(Brief descriptive captions)
+===+

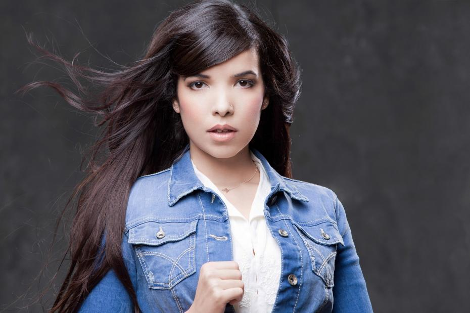 Ποια είναι η όμορφη Indila που έχει κάνει όλη την υφήλιο να σιγοτραγουδά γαλλικά και απόψε θα εμφανιστεί στο ελληνικό Τhe Voice - Φωτογραφία 4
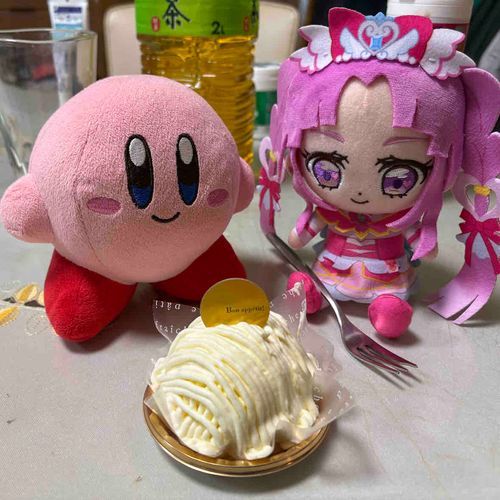 🩷　誕生日だからといって、
　　　全部食べちゃダメだよ…！
⭐️    じぜんにわけたほうが
　　　わかりやすくなるポヨ。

+===+

▶ _What is needed_
Every line above is to be given again exactly, apart from the pictures.

▶ _Response_
 Ποια είναι η όμορφη Indila που έχει κάνει όλη την υφήλιο να σιγοτραγουδά γαλλικά και απόψε θα εμφανιστεί στο ελληνικό Τhe Voice - Φωτογραφία 4
 🩷　誕生日だからといって、
　　　全部食べちゃダメだよ…！
⭐️    じぜんにわけたほうが
　　　わかりやすくなるポヨ。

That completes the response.